II-II, q. 107 a. 1
Ob Undankbarkeit immer Sünde ist?
Quaestio 107 · Von der Undankbarkeit
Einwand 1: Es scheint, dass Undankbarkeit nicht immer Sünde ist. Denn Seneca sagt (De Benef. iii): „Wer eine Wohltat nicht vergilt, ist undankbar.“ Aber manchmal ist es unmöglich, eine Wohltat zu vergelten, ohne zu sündigen, zum Beispiel wenn ein Mensch einem anderen geholfen hat, eine Sünde zu begehen. Da es nun keine Sünde ist, das Sündigen zu unterlassen, scheint es, dass Undankbarkeit nicht immer Sünde ist.
Einwand 2: Ferner liegt jede Sünde in der Macht dessen, der sie begeht; denn nach Augustinus (De Lib. Arb. iii; Retract. i) „sündigt kein Mensch in dem, was er nicht vermeiden kann.“ Nun liegt es manchmal nicht in der Macht des Sünders, Undankbarkeit zu vermeiden, zum Beispiel wenn er nicht die Mittel zur Vergeltung hat. Auch Vergesslichkeit liegt nicht in unserer Macht, und doch erklärt Seneca (De Benef. iii), dass „eine Wohltat zu vergessen, der Gipfel der Undankbarkeit ist.“ Daher ist Undankbarkeit nicht immer Sünde.
Einwand 3: Ferner scheint es keine Vergeltung zu sein, wenn man nichts schulden will, gemäß dem Apostel (Röm 13,8): „Seid niemandem etwas schuldig.“ Doch „ein unwilliger Schuldner ist undankbar“, wie Seneca erklärt (De Benef. iv). Daher ist Undankbarkeit nicht immer Sünde.
Dagegen spricht, dass Undankbarkeit unter anderen Sünden gerechnet wird (2 Tim 3,2), wo geschrieben steht: „Den Eltern ungehorsam, undankbar, gottlos“ usw.
Ich antworte darauf, dass, wie oben dargelegt (Quaestio [106], Artikel [4], zu 1, Artikel [6]), die Schuld der Dankbarkeit eine moralische Schuld ist, die von der Tugend gefordert wird. Nun ist etwas dadurch Sünde, dass es der Tugend entgegengesetzt ist. Daher ist offensichtlich, dass jede Undankbarkeit eine Sünde ist.
Antwort auf Einwand 1: Dankbarkeit bezieht sich auf eine empfangene Wohltat: Wer aber einem anderen hilft, eine Sünde zu begehen, erweist ihm keine Wohltat, sondern fügt ihm Schaden zu; und so gebührt ihm kein Dank, außer vielleicht aufgrund seines guten Willens, angenommen er sei getäuscht worden und habe gedacht, ihm beim Tun des Guten zu helfen, während er ihm zur Sünde verhalf. In einem solchen Fall besteht die geschuldete Vergeltung nicht darin, dass ihm geholfen wird, eine Sünde zu begehen, denn dies hieße, nicht Gutes, sondern Böses zu vergelten, und dies ist der Dankbarkeit entgegengesetzt.

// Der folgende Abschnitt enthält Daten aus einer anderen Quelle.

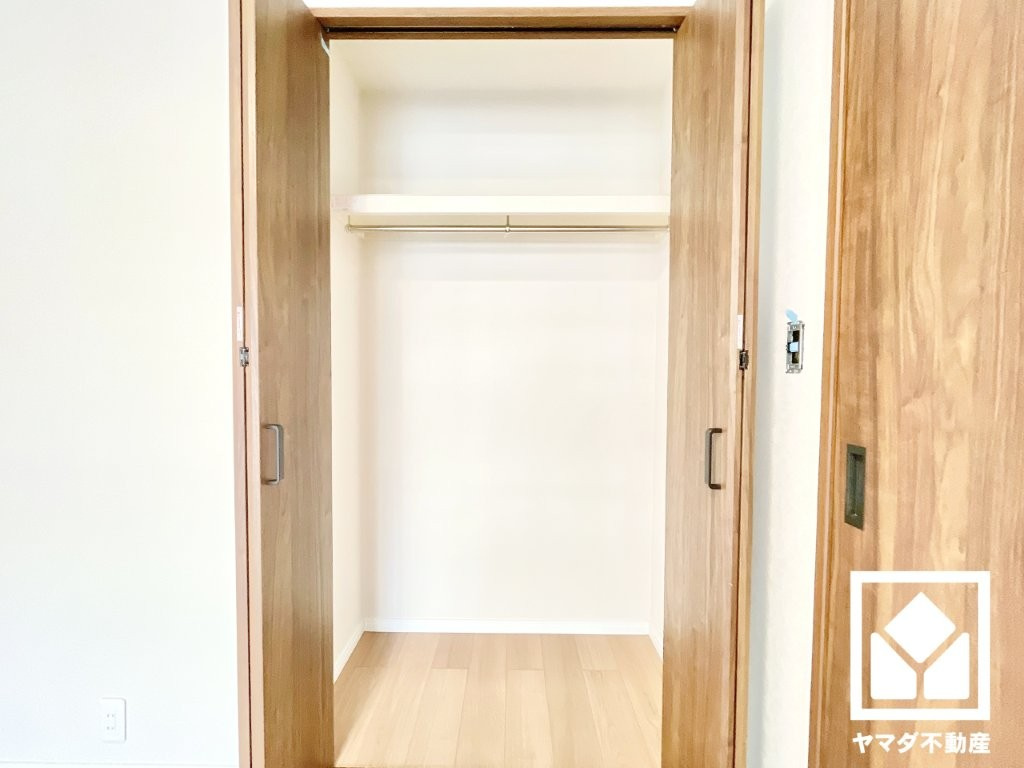 奥行きがあり、収納力のあるクローゼットです。お洋服はもちろん、スーツケースなどの大物もしっかり収納できます。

Antwort auf Einwand 2: Kein Mensch ist wegen Unfähigkeit zur Vergeltung von Undankbarkeit entschuldigt, aus eben dem Grund, dass der bloße Wille zur Begleichung der Dankesschuld genügt, wie oben dargelegt (Quaestio [106], Artikel [6], zu 1).

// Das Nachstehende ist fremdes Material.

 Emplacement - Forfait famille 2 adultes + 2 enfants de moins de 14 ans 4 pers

Das Vergessen einer empfangenen Wohltat kommt der Undankbarkeit gleich, freilich nicht jene Vergesslichkeit, die aus einem natürlichen Mangel entsteht, der nicht dem Willen unterworfen ist, sondern jene, die aus Nachlässigkeit entsteht. Denn wie Seneca bemerkt (De Benef. iii): „Wenn das Vergessen von Wohltaten einen Menschen ergreift, hat er anscheinend wenig an deren Vergeltung gedacht.“
Antwort auf Einwand 3: Die Schuld der Dankbarkeit fließt aus der Schuld der Liebe, und von letzterer sollte kein Mensch frei sein wollen. Dass also jemand diese Schuld unwillig schuldet, scheint aus einem Mangel an Liebe zu seinem Wohltäter zu entspringen.